WOOD RIVER — The alleged theft of nearly $143,000 by a southwestern Illinois city’s former assistant finance director eluded yearly audits by outside accounting firms and surfaced only after she made an unrelated bookkeeping gaffe, officials said.

Madison County prosecutors charged Leslie Dona, 41, on Thursday with theft of over $100,000, money laundering and official misconduct involving her work for Wood River, a city of 11,000 northeast of St. Louis. She was jailed Friday on $500,000 bond.

Authorities allege that Dona — a 17-year city worker — issued unauthorized checks to herself from city funds and pocketed the money, altering software, destroying records, manipulating funds and generating false reports to hide the transactions.

Police Chief Otis Steward said investigators still were trying to pinpoint whether more money was pilfered from the city’s coffers, noting that bank records only have been examined back to 2007’s start.

“What we’ve uncovered is like reading a crime novel,” City Manager Jim Schneider said.

Mayor Fred Ufert said Dona’s alleged embezzlement surfaced after she scrambled for months to fix an unrelated and inadvertent bookkeeping mistake. Dona last year miscoded a $100,000 electronic transfer, mistakenly sending the money to the Royal Bank of Scotland — with which Wood River does no business — instead of to the Illinois Metropolitan Investment Fund where it was intended.

Wood River officials say the transfer wasn’t necessarily Dona’s fault, pointing out that the banking institution handling the transfer should have rejected it because it had incorrect account numbers. Instead, the bank added some numbers to it and deposited the money into the Royal Bank of Scotland account of someone from Rhode Island who later promptly withdrew the errant money.

Ufert said Dona noticed her mistake months later but never reported it.

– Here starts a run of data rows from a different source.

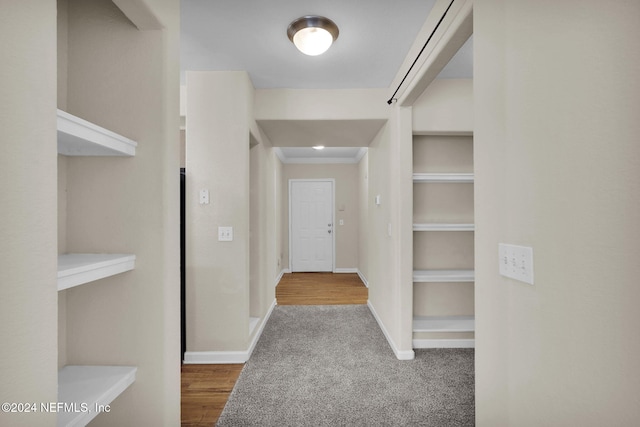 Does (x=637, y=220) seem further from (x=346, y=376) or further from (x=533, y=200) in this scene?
(x=346, y=376)

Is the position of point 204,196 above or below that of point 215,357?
above

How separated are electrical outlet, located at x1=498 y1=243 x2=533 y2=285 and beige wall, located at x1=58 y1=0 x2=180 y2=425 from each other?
1274 millimetres

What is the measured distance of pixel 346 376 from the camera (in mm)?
2268

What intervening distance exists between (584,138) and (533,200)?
224 mm

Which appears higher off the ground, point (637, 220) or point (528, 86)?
Answer: point (528, 86)

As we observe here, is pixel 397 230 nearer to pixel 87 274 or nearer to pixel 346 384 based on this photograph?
pixel 346 384

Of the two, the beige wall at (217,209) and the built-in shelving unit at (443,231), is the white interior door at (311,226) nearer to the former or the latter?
the built-in shelving unit at (443,231)

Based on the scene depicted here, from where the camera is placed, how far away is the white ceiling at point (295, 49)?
1.75 m

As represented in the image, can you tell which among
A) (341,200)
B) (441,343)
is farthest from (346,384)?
(341,200)

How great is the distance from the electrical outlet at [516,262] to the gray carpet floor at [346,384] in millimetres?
1271

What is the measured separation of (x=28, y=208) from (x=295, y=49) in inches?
79.1

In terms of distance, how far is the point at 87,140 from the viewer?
0.95 metres

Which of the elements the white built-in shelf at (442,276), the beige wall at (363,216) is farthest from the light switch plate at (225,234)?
the beige wall at (363,216)

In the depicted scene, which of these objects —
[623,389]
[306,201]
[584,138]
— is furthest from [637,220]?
[306,201] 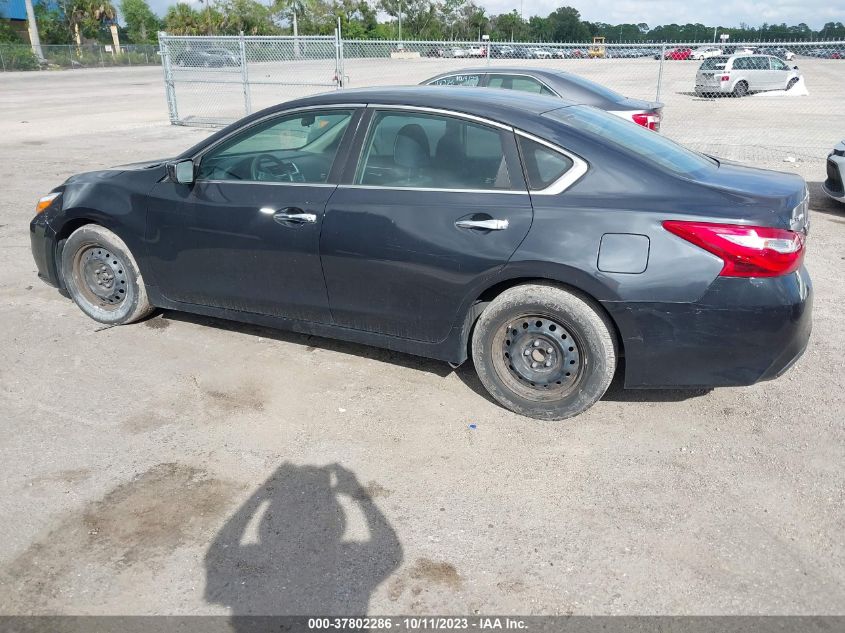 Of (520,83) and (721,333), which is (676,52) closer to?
(520,83)

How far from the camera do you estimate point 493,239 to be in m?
3.71

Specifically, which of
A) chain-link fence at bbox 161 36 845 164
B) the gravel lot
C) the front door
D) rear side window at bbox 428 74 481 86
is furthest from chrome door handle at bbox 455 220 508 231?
rear side window at bbox 428 74 481 86

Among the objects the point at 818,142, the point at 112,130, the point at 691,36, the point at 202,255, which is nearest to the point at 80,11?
the point at 691,36

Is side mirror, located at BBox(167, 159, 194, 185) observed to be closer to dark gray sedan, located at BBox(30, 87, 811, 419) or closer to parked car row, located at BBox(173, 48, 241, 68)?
dark gray sedan, located at BBox(30, 87, 811, 419)

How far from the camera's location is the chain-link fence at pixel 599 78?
14.6 meters

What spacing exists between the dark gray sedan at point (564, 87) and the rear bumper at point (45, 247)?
202 inches

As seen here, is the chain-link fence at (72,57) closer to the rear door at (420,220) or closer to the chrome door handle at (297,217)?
the chrome door handle at (297,217)

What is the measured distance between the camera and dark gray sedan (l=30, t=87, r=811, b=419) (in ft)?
11.3

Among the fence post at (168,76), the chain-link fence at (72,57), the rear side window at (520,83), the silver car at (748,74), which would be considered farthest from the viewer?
the chain-link fence at (72,57)

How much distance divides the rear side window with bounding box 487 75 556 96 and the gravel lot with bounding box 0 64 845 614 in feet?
19.1

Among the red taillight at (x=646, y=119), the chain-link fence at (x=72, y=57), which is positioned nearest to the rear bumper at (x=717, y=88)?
the red taillight at (x=646, y=119)

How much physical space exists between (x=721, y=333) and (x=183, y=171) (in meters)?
3.21

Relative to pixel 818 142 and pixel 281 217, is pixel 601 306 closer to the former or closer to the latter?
pixel 281 217

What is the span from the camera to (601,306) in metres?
3.62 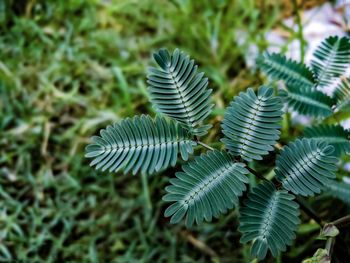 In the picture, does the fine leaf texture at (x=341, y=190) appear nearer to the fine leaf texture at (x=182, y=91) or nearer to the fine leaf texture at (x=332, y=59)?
the fine leaf texture at (x=332, y=59)

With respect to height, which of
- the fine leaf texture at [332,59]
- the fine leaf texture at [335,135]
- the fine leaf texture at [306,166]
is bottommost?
the fine leaf texture at [306,166]

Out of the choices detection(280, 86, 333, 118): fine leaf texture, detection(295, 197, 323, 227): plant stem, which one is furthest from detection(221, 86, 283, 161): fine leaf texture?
detection(280, 86, 333, 118): fine leaf texture

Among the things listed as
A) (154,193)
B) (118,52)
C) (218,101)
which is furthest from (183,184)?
(118,52)

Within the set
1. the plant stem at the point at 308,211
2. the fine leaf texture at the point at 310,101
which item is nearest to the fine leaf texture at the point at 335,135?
the fine leaf texture at the point at 310,101

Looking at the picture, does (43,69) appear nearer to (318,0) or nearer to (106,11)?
(106,11)

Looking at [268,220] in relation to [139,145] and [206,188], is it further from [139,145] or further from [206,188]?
[139,145] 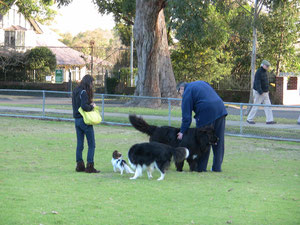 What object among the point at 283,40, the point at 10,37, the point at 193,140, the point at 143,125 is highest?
the point at 10,37

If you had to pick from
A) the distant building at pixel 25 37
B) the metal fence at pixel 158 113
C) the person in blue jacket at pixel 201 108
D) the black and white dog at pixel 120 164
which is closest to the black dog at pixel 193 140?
the person in blue jacket at pixel 201 108

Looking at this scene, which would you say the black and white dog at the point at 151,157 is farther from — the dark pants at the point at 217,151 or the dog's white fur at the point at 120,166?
the dark pants at the point at 217,151

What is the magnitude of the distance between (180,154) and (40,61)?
4036cm

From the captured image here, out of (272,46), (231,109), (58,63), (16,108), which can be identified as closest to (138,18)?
(16,108)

Schneider said that last month, auditing firm CJ Schlosser and Co. uncovered inconsistencies in the city’s finances and asked to address them with Dona, but the day of that scheduled Friday meeting Dona called in sick. After that weekend, Dona didn’t report for work and went missing.

“We believe she panicked when she took off,” Ufert said.

Three days later, Dona surfaced in the St. Louis suburb of Eureka, Mo., after a police officer stopped her for erratic driving. While driving home that day, Dona wrecked her car and was hospitalized. During that time, Schneider said, authorities discovered the transfer error and ultimately “learned that she embezzled the city’s money and changed records so no one would find out.”

Wood River’s city council recently has voted to retain an Alton law firm in its quest to recover the wrongly transferred $100,000.

A message left Friday by The Associated Press at Dona’s home was not immediately returned. Court records do not show her as having retained an attorney.